* Reveals continuing barriers to success for women students
* Offers remedies that will benefit all students
What are the realities behind recent press reports suggesting that women students have taken over higher education, both outnumbering males and academically outperforming them? Does women's development during college diverge from the commonly accepted model of cognitive growth? Does pedagogy in higher education take into account their different ways of knowing? Are there still barriers to women's educational achievement?
In answering these questions, this book's overarching message is that the application of research on women's college experiences has enriched teaching and learning for all students. It describes the broad benefits of new pedagogical models, and how feminist education aligns with the new call for civic education for all students.
The book also examines conditions and disciplines that remain barriers for women's educational success, particularly in quantitative and scientific fields.
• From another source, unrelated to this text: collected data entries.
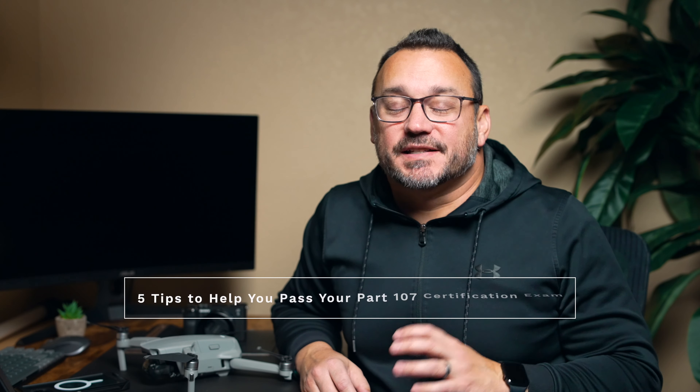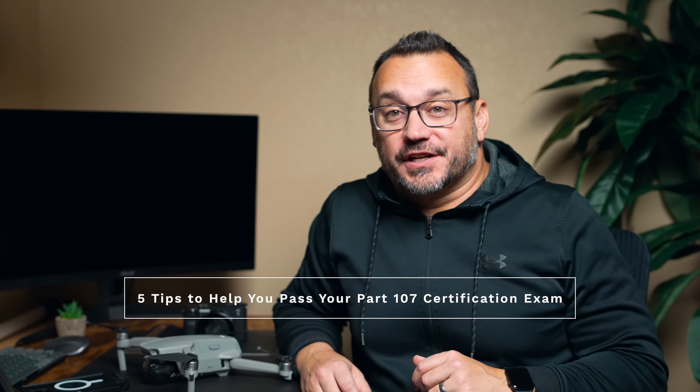Hey, it's Jared with Gear and Light. I have five tips to help you pass your Part 107 drone certification exam. I just recently had to retake the exam — up until 2021, you had to recertify every two years by taking the exam over again. This was my third time taking the exam, but there were a lot of interesting changes that I was thankfully prepared for, and was able to re-up and continue on as a commercial drone pilot.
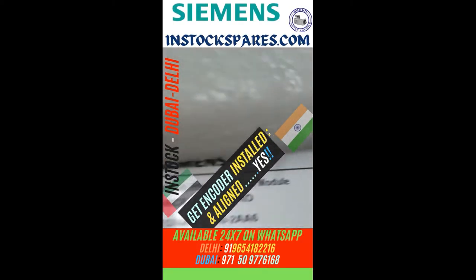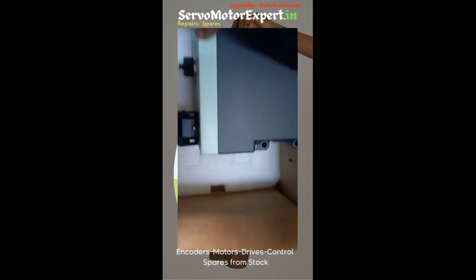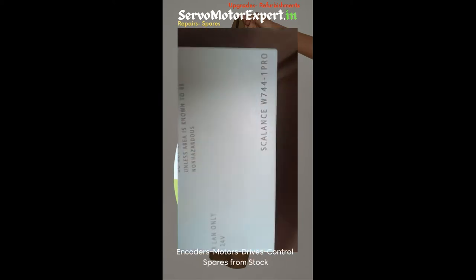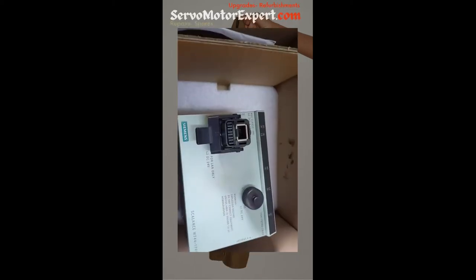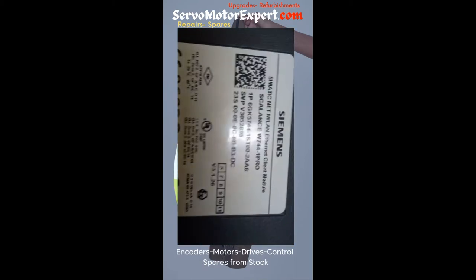This industrial wireless LAN client module, Ethernet client module, the W744-1-PRO is in our own stock. Siemens is a leader in industrial wireless LAN, and if you are looking for any client module or access point, contact us.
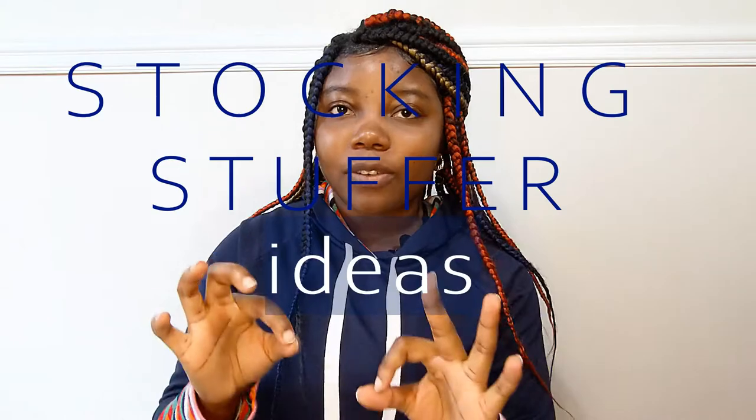Hi everyone, it's Shineda and I'm back with over 50 ideas for stocking stuffers. In the last video I did Christmas gift ideas, and this time around I'm bringing you guys specifically just stocking stuffer ideas.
It explores problems that arise at the intersection of race and gender and offers some transformative approaches. It considers the impact of the campus environment--such as the rise of binge drinking, sexual assault, and homophobic behaviors--on women students' progress, and suggests means for improving the peer culture for all students. It concludes with an auto-narrative analysis of teaching women's studies to undergraduates that offers insights into the practicalities and joys of teaching.
At a time when women constitute the majority of students on most campuses, this book offers insights for all teachers, male and female, into how to help them to excel; and at the same time how to engage all their students, in all their diversity, through the application of feminist pedagogy.